**What is being asked:** Two lines mark the range in the entries below: the one holding "Suri Silver-Tone and Leather Watch" and the one holding "Castle 5x02 quotCloudy". Set down those two and all lines between them, exactly.

Items from a dataset
=== Begin Enclosure ===

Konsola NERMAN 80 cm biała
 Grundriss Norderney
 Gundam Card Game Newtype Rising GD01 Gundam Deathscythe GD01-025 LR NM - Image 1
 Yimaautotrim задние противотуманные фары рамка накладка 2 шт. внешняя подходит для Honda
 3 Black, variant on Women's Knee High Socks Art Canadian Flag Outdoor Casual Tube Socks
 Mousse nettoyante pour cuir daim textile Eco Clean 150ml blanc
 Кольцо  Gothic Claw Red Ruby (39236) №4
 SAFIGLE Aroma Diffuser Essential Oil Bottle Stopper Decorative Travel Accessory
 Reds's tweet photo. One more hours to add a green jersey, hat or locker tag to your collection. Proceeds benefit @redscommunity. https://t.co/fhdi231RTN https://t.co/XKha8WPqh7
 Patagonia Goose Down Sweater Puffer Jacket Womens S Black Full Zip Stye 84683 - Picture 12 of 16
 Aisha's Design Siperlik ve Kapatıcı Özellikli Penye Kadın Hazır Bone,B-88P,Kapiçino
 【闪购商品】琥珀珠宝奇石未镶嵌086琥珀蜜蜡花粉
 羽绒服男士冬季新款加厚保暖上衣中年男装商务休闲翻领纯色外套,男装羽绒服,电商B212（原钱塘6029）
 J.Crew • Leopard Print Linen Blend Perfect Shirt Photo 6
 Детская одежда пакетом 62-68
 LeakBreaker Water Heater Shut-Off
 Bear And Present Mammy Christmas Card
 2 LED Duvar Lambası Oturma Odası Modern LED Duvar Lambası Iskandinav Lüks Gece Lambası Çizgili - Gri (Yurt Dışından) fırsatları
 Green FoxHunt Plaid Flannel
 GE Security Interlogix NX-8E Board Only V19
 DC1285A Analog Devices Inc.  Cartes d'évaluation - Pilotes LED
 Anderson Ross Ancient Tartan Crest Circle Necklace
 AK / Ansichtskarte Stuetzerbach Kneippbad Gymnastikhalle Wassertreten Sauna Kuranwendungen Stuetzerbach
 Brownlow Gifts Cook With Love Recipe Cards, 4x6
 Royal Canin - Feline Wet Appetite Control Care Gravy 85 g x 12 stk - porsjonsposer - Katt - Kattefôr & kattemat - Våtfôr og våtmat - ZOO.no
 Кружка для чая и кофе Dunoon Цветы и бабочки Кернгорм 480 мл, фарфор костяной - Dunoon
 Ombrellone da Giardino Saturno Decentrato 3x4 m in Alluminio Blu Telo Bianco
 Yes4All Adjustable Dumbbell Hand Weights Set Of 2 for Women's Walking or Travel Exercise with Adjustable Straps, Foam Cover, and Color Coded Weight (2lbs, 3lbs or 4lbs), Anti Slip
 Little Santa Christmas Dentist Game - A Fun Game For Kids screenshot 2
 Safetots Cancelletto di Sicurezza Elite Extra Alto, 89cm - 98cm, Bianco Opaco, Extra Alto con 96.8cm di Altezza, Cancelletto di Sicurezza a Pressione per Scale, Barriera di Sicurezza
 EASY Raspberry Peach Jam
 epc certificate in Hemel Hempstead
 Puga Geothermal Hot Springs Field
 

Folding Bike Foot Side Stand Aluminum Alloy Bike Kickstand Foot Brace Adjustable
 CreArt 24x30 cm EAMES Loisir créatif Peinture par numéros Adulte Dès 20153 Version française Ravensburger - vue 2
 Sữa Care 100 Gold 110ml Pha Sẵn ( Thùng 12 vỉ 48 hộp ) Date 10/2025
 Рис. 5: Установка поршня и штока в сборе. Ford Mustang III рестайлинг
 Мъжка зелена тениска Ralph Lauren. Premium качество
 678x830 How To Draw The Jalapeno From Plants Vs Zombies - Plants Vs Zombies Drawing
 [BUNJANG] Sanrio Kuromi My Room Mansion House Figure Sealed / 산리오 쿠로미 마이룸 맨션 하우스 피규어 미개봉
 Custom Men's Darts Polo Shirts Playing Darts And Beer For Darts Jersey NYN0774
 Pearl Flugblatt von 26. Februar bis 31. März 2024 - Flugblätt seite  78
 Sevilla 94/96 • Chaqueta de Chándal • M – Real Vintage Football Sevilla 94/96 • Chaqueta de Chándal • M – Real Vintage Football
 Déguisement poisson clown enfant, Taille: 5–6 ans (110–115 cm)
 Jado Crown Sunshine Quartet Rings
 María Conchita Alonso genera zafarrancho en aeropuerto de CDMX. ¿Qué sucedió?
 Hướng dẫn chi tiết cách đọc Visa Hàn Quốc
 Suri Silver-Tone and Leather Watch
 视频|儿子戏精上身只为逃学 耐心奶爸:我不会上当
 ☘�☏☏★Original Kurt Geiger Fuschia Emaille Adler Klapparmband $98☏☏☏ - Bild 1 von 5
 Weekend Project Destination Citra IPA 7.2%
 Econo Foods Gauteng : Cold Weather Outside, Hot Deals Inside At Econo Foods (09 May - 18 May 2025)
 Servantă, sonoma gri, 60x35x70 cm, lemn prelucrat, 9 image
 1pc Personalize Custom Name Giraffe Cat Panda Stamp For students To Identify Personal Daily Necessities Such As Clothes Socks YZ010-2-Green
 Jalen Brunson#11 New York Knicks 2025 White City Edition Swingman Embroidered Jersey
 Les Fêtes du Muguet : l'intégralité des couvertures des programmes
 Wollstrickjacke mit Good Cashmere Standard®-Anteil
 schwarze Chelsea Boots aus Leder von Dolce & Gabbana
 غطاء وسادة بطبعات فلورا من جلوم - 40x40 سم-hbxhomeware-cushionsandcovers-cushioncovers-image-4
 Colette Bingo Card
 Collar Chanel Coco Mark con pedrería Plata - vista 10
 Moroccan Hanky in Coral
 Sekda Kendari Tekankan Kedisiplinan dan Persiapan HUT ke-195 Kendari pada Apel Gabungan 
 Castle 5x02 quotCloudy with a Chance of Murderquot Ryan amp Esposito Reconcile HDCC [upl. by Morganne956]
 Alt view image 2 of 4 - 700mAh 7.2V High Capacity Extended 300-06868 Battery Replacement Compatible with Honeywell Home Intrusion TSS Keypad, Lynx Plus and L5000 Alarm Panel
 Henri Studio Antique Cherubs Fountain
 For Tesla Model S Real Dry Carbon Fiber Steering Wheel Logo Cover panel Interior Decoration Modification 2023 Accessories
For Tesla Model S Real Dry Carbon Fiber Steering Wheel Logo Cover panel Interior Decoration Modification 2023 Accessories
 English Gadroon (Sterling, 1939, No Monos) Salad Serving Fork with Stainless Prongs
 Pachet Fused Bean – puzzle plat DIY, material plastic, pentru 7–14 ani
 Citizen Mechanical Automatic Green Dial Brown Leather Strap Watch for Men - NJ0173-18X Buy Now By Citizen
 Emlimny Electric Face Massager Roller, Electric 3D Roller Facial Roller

=== End Enclosure ===

**Expected output:**
 Suri Silver-Tone and Leather Watch
 视频|儿子戏精上身只为逃学 耐心奶爸:我不会上当
 ☘�☏☏★Original Kurt Geiger Fuschia Emaille Adler Klapparmband $98☏☏☏ - Bild 1 von 5
 Weekend Project Destination Citra IPA 7.2%
 Econo Foods Gauteng : Cold Weather Outside, Hot Deals Inside At Econo Foods (09 May - 18 May 2025)
 Servantă, sonoma gri, 60x35x70 cm, lemn prelucrat, 9 image
 1pc Personalize Custom Name Giraffe Cat Panda Stamp For students To Identify Personal Daily Necessities Such As Clothes Socks YZ010-2-Green
 Jalen Brunson#11 New York Knicks 2025 White City Edition Swingman Embroidered Jersey
 Les Fêtes du Muguet : l'intégralité des couvertures des programmes
 Wollstrickjacke mit Good Cashmere Standard®-Anteil
 schwarze Chelsea Boots aus Leder von Dolce & Gabbana
 غطاء وسادة بطبعات فلورا من جلوم - 40x40 سم-hbxhomeware-cushionsandcovers-cushioncovers-image-4
 Colette Bingo Card
 Collar Chanel Coco Mark con pedrería Plata - vista 10
 Moroccan Hanky in Coral
 Sekda Kendari Tekankan Kedisiplinan dan Persiapan HUT ke-195 Kendari pada Apel Gabungan 
 Castle 5x02 quotCloudy with a Chance of Murderquot Ryan amp Esposito Reconcile HDCC [upl. by Morganne956]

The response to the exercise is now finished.